Intel tweaks SSE 4 to speed text processing

String theory

Intel's 45nm 'Nehalem' processor design will incorporate the second generation of the chip maker's SSE 4 technology. For now, the company is calling the post-'Penryn' Streaming SIMD Extensions instruction set SSE 4.2.

Nehalem's implementation of SSE 4 essentially matches that of Penryn. The key additions centre on the Application-Targeted Accelerators (ATAs) Intel introduced as part of SSE 4. Penryn got two of these, Nehalem will get seven more.

Nehalem's ATAs centre on text and string processing, Intel said yesterday. The need to accelerate text handling may sound rather unnecessary in this era of pervasive multimedia and intensive 3D graphics apps, but Intel claims the ATAs will benefit a range of important tasks, from virus signature scanning to parsing XML files.
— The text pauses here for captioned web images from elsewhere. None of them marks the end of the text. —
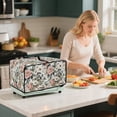 thumbnail image 4 of ZIATUBLES Vintage Floral Print Convection Toaster Oven Cover for Kitchen Counter Stain Resistant Appliance Protective Case with Top Handle Washable Decor Accessories, 22.5" x 18.5" x 13", 4 of 8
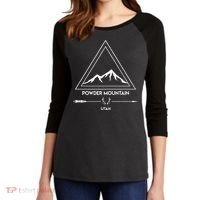 Powder Mountain Utah Ski Vacation Women's Tri-Blend 3/4-Sleeve Raglan Shirt thumb 2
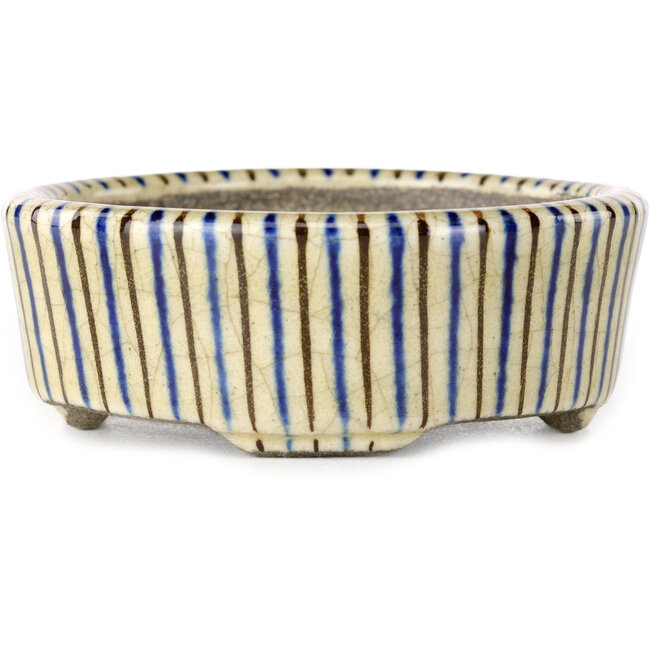 Oval beige craquelé, blue and brown, multicolor bonsai pot by Terahata Satomi Mazan - 80 x 80 x 30 mm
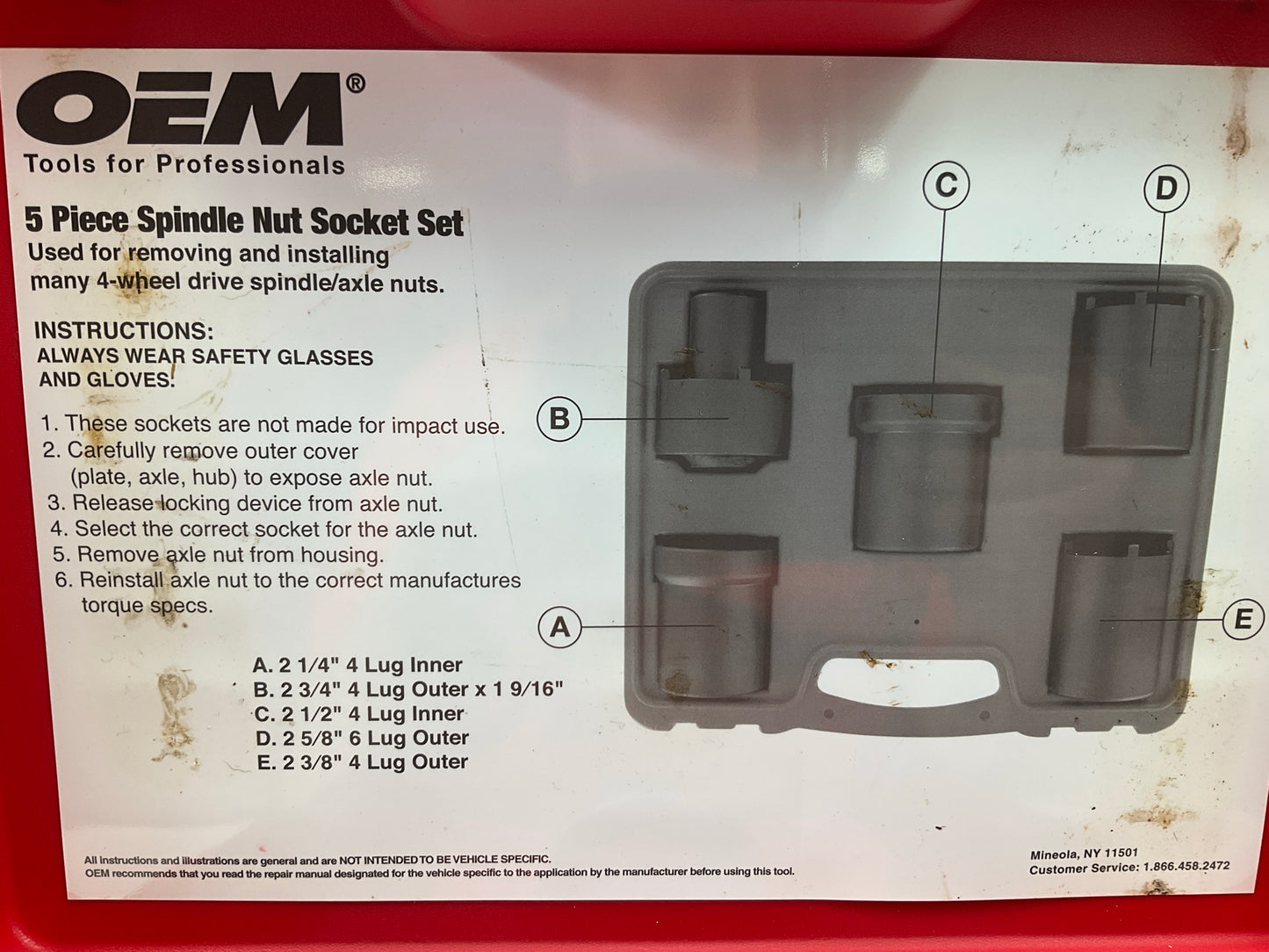 USED #46 OEM Tools 27174 1/2'' Drive 5-Piece Spindle Nut Locknut Axle Socket Set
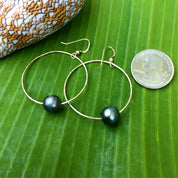 Tahitian Pearl Hoop Earrings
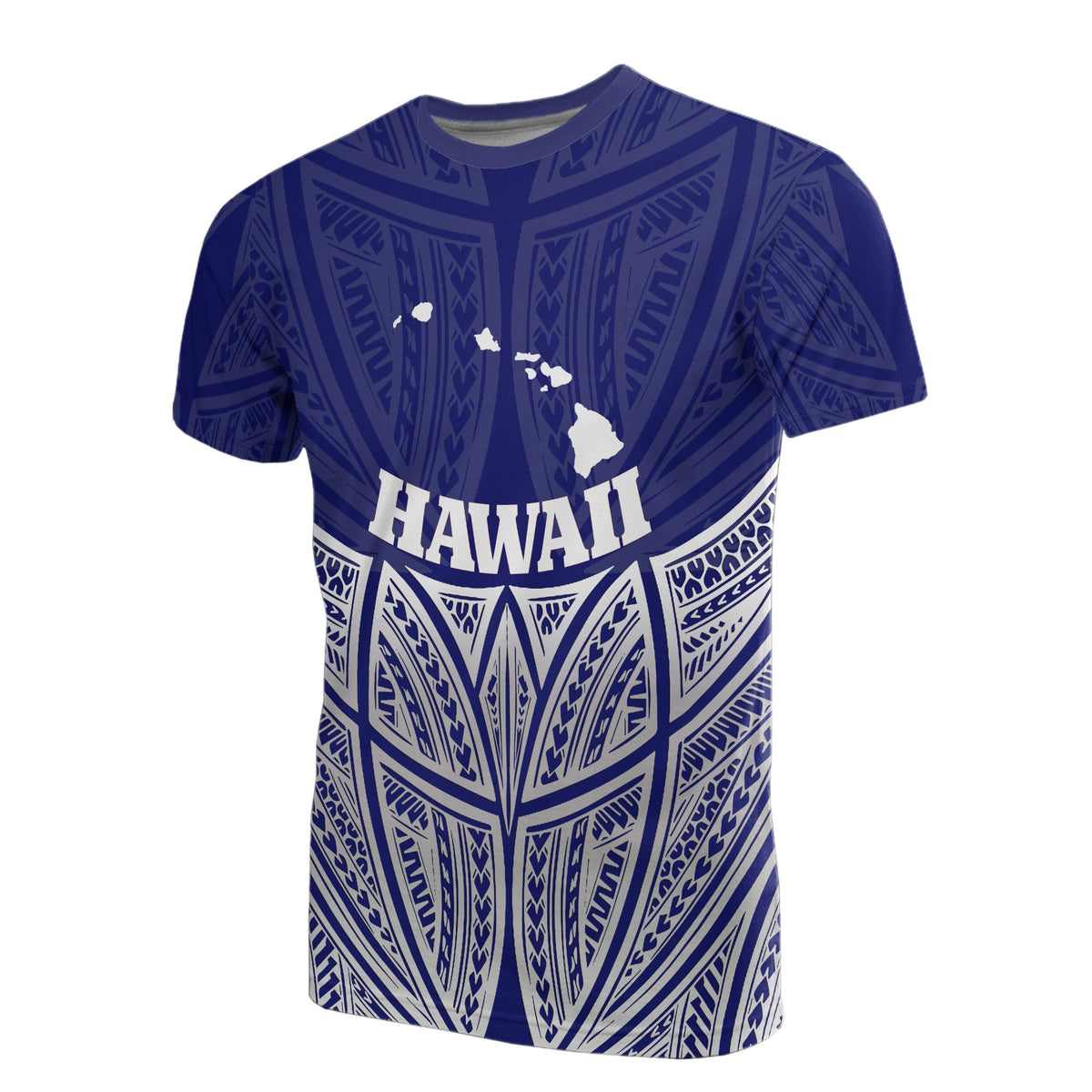 Hawaii Polynesian T Shirt Blue Pride Map and Seal Unisex Blue - Polynesian Pride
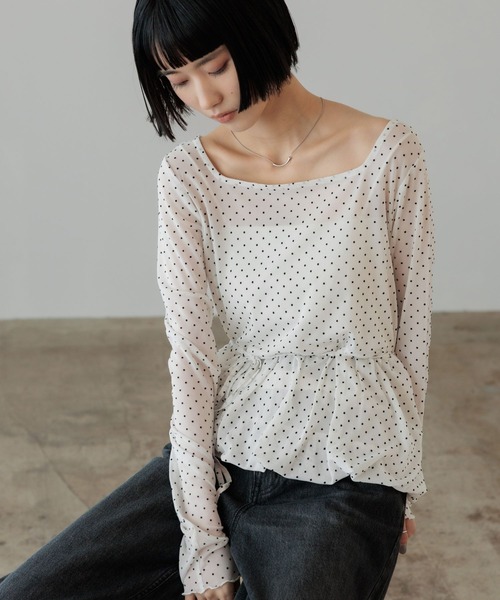 LOWRYS FARM（ローリーズファーム）の「フロッキードットチュールLS　 654901（Tシャツ/カットソー・レディース・ホワイト/ブラック/アイボリー・FREE）」の9枚目の写真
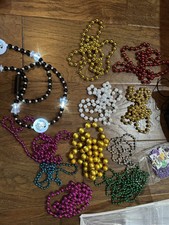 Mardi Gras BEADs 15 Strands of beads different colors plus one bead with lights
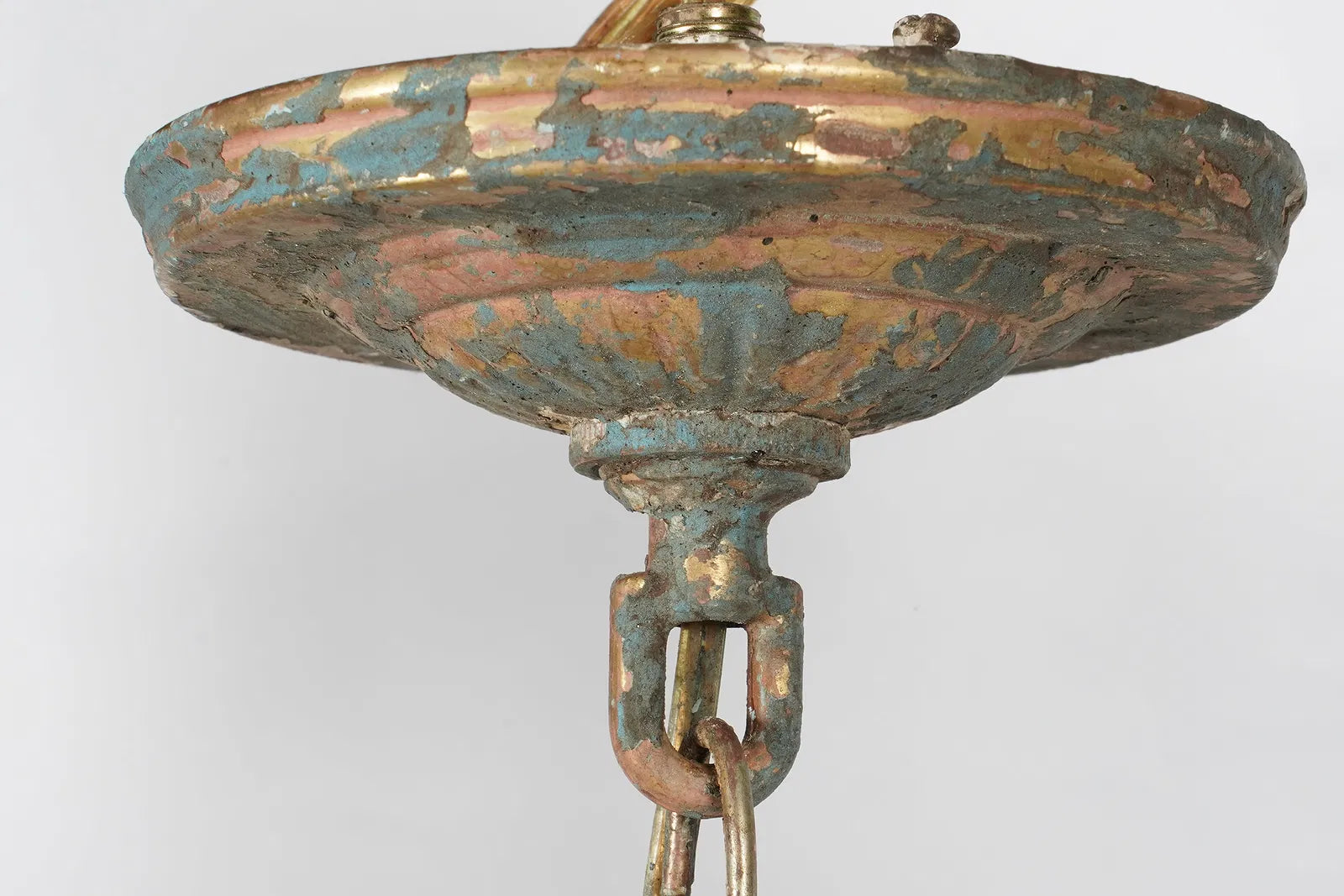 AL1-018: Antique Distressed Painted Iron Chandelier With Wooden Beads and Drops Mid 20th Century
Its pitch is that these are everyday routines, and the faster Nehalem can run them not only the quicker the tasks will be completed but the sooner it can close down on-die components to conserve energy.

Intel's Nehalem

Intel's 'Nehalem': better at text processing than Penryn

Not that Nehalem's design ignores more advanced data types. Chips based on the design will also speed access to data that doesn't sit comfortably in alignment with Nehalem's cache structure, such as multimeda code and data. That should allow the CPU to process such information more quickly, sending out the frame to be rendered then powering down for a longer period - or working on other tasks - before it needs to pick up and process the next frame, for example.

Again, the emphasis is not on raw processing - we know modern CPUs can do video smoothly - but on getting the job finished more quickly, the better to improve power efficiency.

That's the logic behind the re-introduction of HyperThreading with Nehalem, which will also be able to handle 33 per cent more micro-ops - the Core-specific instructions the x86 instructions are decoded into when they're loaded into the CPU - at any given time than the Penryn architecture can.